--- SOURCE DATA ---

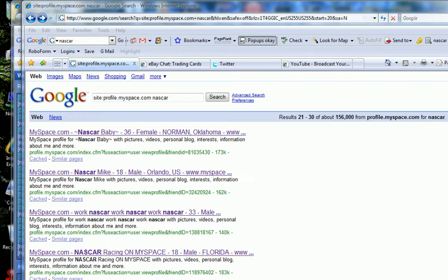Well, let's see if I can figure out this Camtasia thing. As you can see, I'm in Google and I have Profile MySpace.NASCAR in the search box.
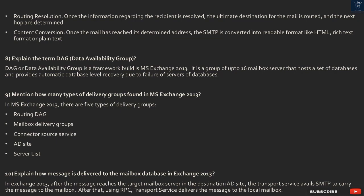Question 8: What is DAG — Data Availability Group? DAG or Data Availability Group is a framework built in MS Exchange 2013. It is a group of up to 16 mailbox servers that hosts a set of databases and provides automatic database-level recovery due to failure of servers or databases.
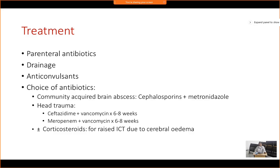If due to head trauma, antibiotics must be upscaled — ceftazidime (a fourth-generation cephalosporin) along with vancomycin for a prolonged period of six to eight weeks, or meropenem and vancomycin for the same duration. If there are features of raised intracranial tension — headache, vomiting, bradycardia, lack of concentration, papilledema — corticosteroids may need to be added. Usually dexamethasone 4–8 mg two to three times daily for seven to ten days is given to reduce cerebral edema.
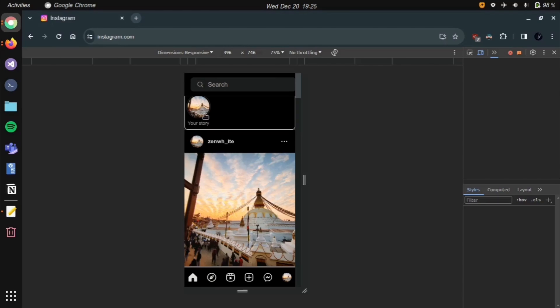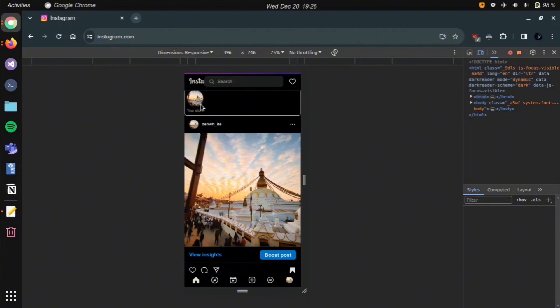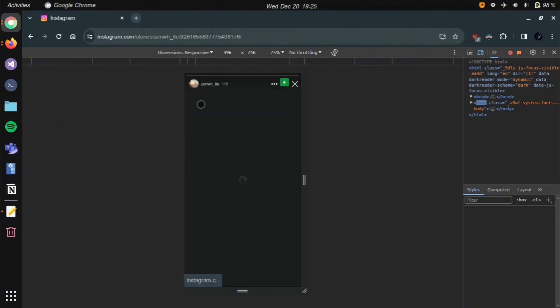Then on your story icon, you'll find a plus button. Then you can click on it and select the story from the gallery and post it.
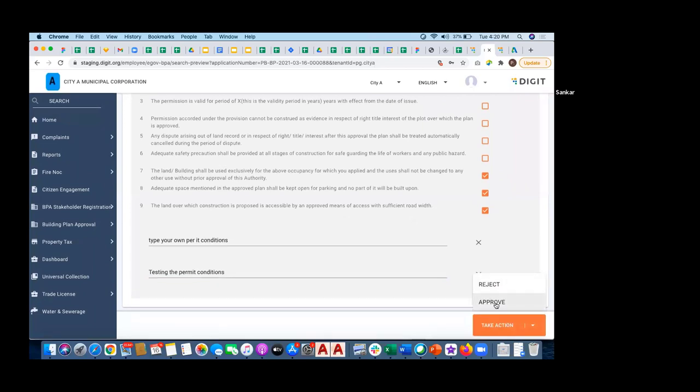Now, if I click on approve, what happens is internally, there is a calculator logic which is present.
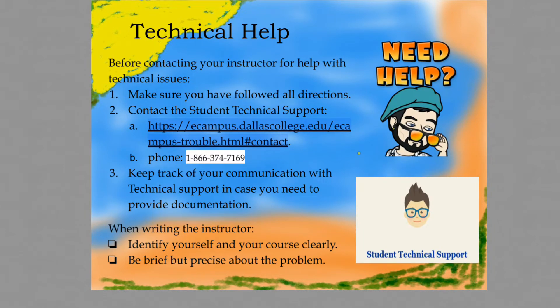Prior to talking about the course, I'd like to mention how you should look for technical help if you have a problem with anything on eCampus. Before contacting me about the problem, you should make sure that you followed all directions, including making sure that an assignment is available at the right time. You should probably contact technical support, who is more able to fix any problems that are technical in nature. I've provided here a web address and a phone number for you to do that.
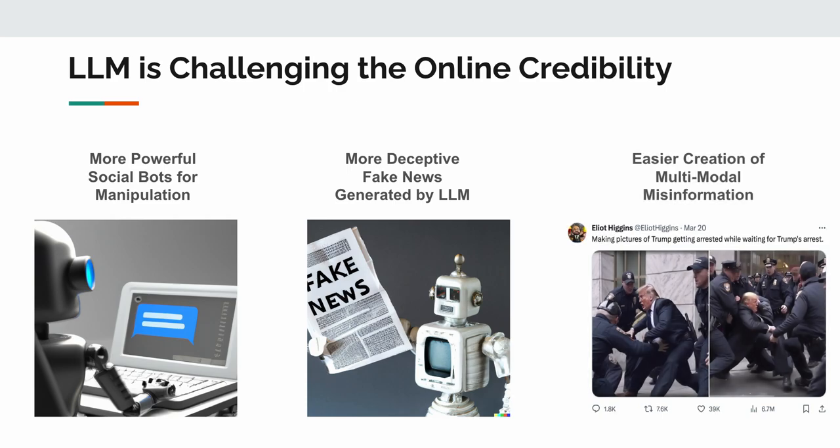The third one is the easier creation of multimodal misinformation. Multimodal AIGC models can enable the manipulators to easily generate or retrieve whatever images that they need to support their narratives.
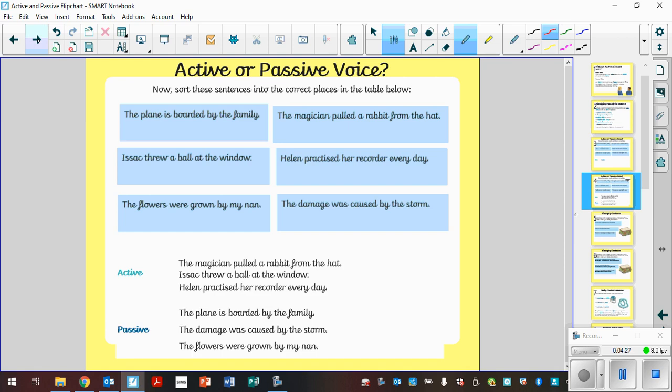Well done for having a go, year six. Let's see if you manage to get those right. So the active: the magician pulled a rabbit from the hat. I wonder if you can identify what the subject is and what the object is. Well, the subject is the magician, the object is the rabbit. Isaac threw a ball out the window, also active. And Helen practiced her recorder every day. Let's have a look at the passive sentences. The plane is boarded by the family. The damage was caused by the storm. The flowers were grown by my nan. Now in all of these, hopefully you've identified the preposition by, and that's indicating it's being used to help form the passive sentence.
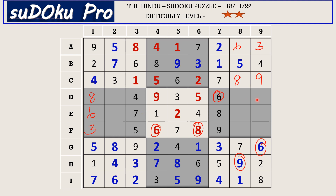Now coming to the ninth column, the missing numbers are 1, 5, and 7. You have 1 and 7 in E row blocking here, so E9 takes 5. There is 7 blocking from F row, so F9 takes 1 and D9 takes 7.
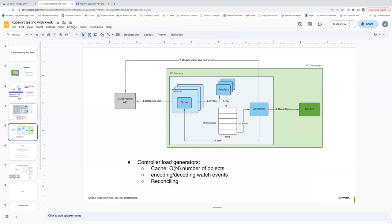Once we understand the API server, the next thing is the diagram of a typical informer. The informer makes a watch-list request — when it starts, it lists all the objects and then watches for changes. All those objects create load in the API server, and when they flow through the informer they also create memory usage in all the informers. So if you want to track the memory usage of a controller component like a VirtController or VirtHandler, this is where a lot of memory is spent — in storing these objects.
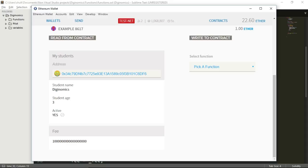So that was it for now. In this video, we talked a little bit about functions — we created two functions with some very basic logic behind them. In the next video, we're going to talk more about functions and about inheritance as well. I'll show you how you can create two contracts: a parent contract and a child contract, which will inherit some functionality from its parent. So I will see you then.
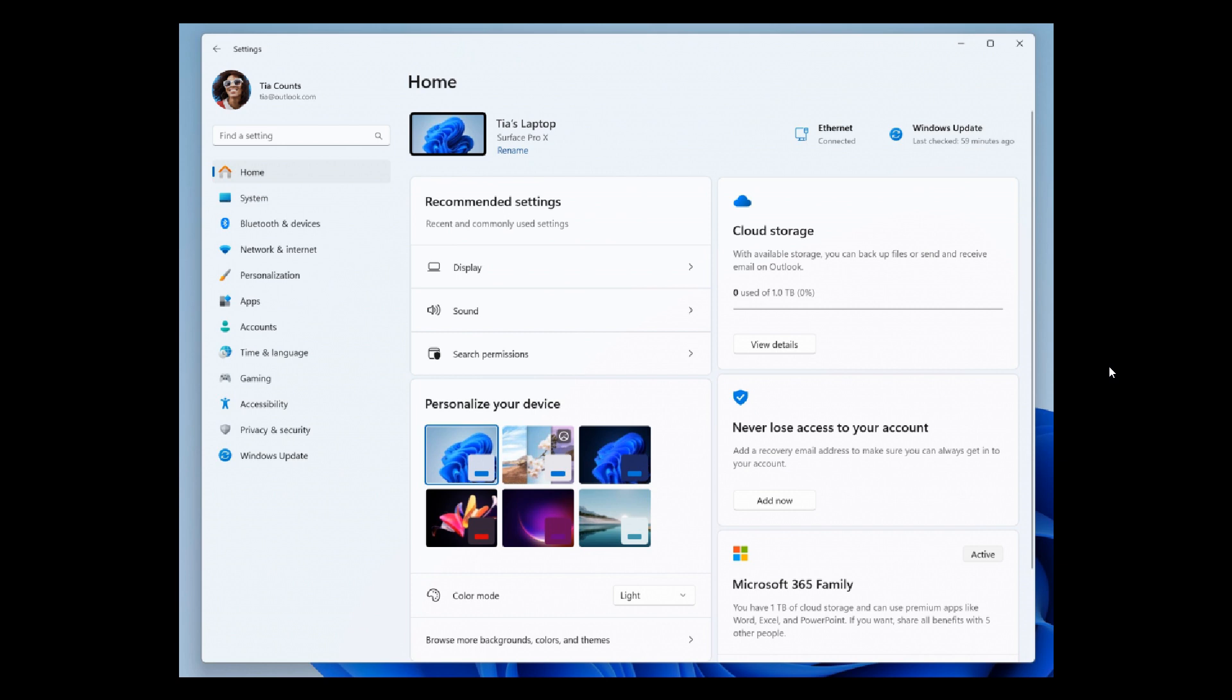Another key highlight that Microsoft rolled out in the latest Dev Channel build is a new look for the Settings app, which now includes a new Settings homepage currently unavailable in the stable version. Microsoft says it provides an overview of your device, quick access to key settings, and helps manage your Microsoft account.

---

# [AIM OF THE TASK]
Reproduce the lines of the data that run from the one containing "So that was" to the final line, both included, exactly as they appear and without the pictures.

# [TASK SOLUTION]
So that was it for now. In this video, we talked a little bit about functions — we created two functions with some very basic logic behind them. In the next video, we're going to talk more about functions and about inheritance as well. I'll show you how you can create two contracts: a parent contract and a child contract, which will inherit some functionality from its parent. So I will see you then.
Another key highlight that Microsoft rolled out in the latest Dev Channel build is a new look for the Settings app, which now includes a new Settings homepage currently unavailable in the stable version. Microsoft says it provides an overview of your device, quick access to key settings, and helps manage your Microsoft account.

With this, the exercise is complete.